Exercise description >> The listing below is to be transcribed exactly.

Source material >>
★ ★ ★ ★ ★ ★ ★
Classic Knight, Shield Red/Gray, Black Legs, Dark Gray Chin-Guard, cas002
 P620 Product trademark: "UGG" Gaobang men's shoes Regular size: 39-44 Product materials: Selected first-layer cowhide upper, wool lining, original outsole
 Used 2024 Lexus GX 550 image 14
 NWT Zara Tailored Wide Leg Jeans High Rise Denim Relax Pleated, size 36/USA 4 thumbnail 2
★ ★ ★ ★ ★ ★ ★
Answer below >>
Classic Knight, Shield Red/Gray, Black Legs, Dark Gray Chin-Guard, cas002
 P620 Product trademark: "UGG" Gaobang men's shoes Regular size: 39-44 Product materials: Selected first-layer cowhide upper, wool lining, original outsole
 Used 2024 Lexus GX 550 image 14
 NWT Zara Tailored Wide Leg Jeans High Rise Denim Relax Pleated, size 36/USA 4 thumbnail 2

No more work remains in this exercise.